Hot Press: political news from Ireland. On Friday we had two bye-elections to fill Dáil seats vacated by elevations in the European Elections, which we suffered in May.  My advice to voters had a notable impact in the results.  The bookies favorite in each of this weekend's elections was pushed aside by a pair of maverick/independent candidates: Michael Fitzmaurice (Ind. Roscommon/South Leitrim) and Paul Murphy (Anti-Austerity Alliance Dublin South West). Bye-elections allow for protest voting on local issues which tend to be put on hold in general elections when some acknowledgment is made of the theory that you can't run a whole country with a congeries of woo-wahs and monomaniacs. It's too late and too trivial for me to comment on these elections now, but I have a few words to advice to the Government about the upcoming budget. The word on the street is that there is about €half-a-billion of slack in the profit-and-loss accounts of the good ship SS Ireland. With a general election coming along in 2016, the Government has an opportunity to tilt the system in their own favour; probably to the detriment of the greater good.  Sorry Kiev, this will be of no interest to you except as light relief.

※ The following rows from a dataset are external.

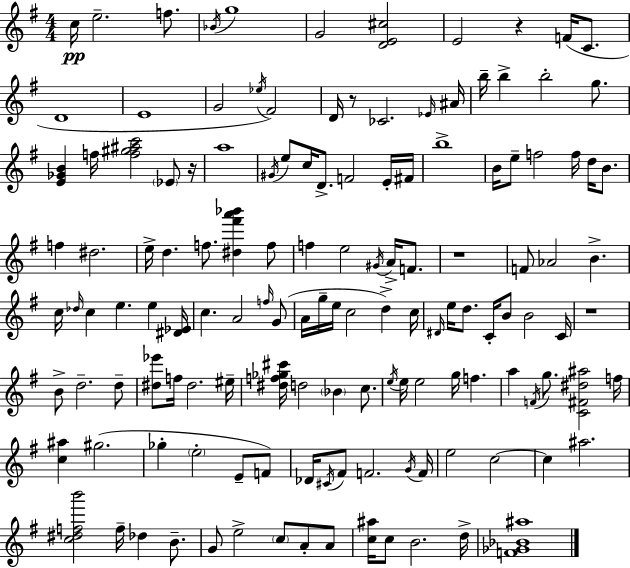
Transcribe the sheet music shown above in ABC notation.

X:1
T:Untitled
M:4/4
L:1/4
K:G
c/4 e2 f/2 _B/4 g4 G2 [DE^c]2 E2 z F/4 C/2 D4 E4 G2 _e/4 ^F2 D/4 z/2 _C2 _E/4 ^A/4 b/4 b b2 g/2 [E_GB] f/4 [f^g^ac']2 _E/2 z/4 a4 ^G/4 e/2 c/4 D/2 F2 E/4 ^F/4 b4 B/4 e/2 f2 f/4 d/4 B/2 f ^d2 e/4 d f/2 [^d^f'a'_b'] f/2 f e2 ^G/4 A/4 F/2 z4 F/2 _A2 B c/4 _d/4 c e e [^D_E]/4 c A2 f/4 G/2 A/4 g/4 e/4 c2 d c/4 ^D/4 e/4 d/2 C/4 B/2 B2 C/4 z4 B/2 d2 d/2 [^d_e']/2 f/4 ^d2 ^e/4 [^df_g^c']/4 d2 _B c/2 e/4 e/4 e2 g/4 f a F/4 g/2 [C^F^d^a]2 f/4 [c^a] ^g2 _g e2 E/2 F/2 _D/4 ^C/4 ^F/2 F2 G/4 F/4 e2 c2 c ^a2 [c^dfb']2 f/4 _d B/2 G/2 e2 c/2 A/2 A/2 [c^a]/4 c/2 B2 d/4 [F_G_B^a]4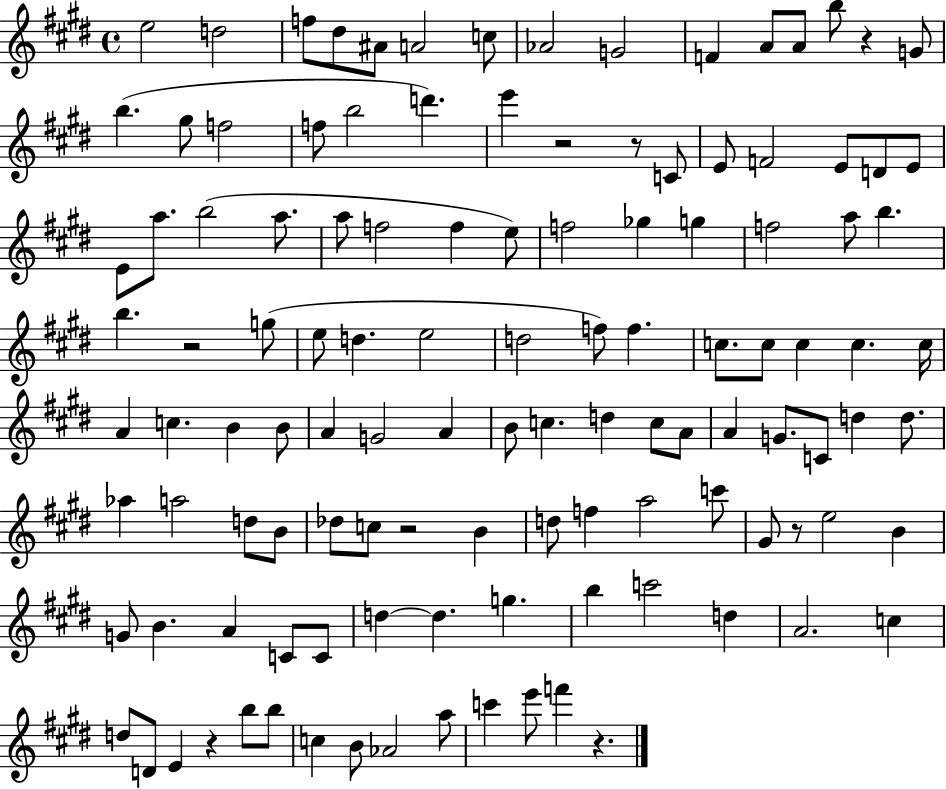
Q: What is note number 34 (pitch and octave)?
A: F5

In the Scottish Independence referendum all age-cohorts under the age of 55 voted Yes to independence while the army of grey-beards over 65 were 70% in favour of the status quo. The 16+17 y.o.s who were eligible to vote for their own future will thus, for another generation, be saddled with the No decision tilted by preferences/prejudices/ignorance of their long-gone [great]-grand-parents. There will be no flowers on some graves in Scotland. In Ireland, a young person on "job-seeker's allowance" gets only €100 p.w., which is rather less than €230 which is the weekly dole for old age pensioners. I think that government, which controls the purse-strings and which is top-heavy with silverbacks, games the system to ensure that Youth is quietly starving while Age is living the Life of Larry. I'm not sure that I buy the argument that Age has earned its doles while Youth should be starved to encourage them into the 'productive' work-place to generate tax for the whole system. That requires you to believe that earning money is the only productive life that is 'worth' much.  Dancers, painters, mathematicians, athletes, mothers, are statistically much more likely to be creatively at their full powers when they are young, so maybe they should have parity of dole with the end-of-life brigade?

Just a thought.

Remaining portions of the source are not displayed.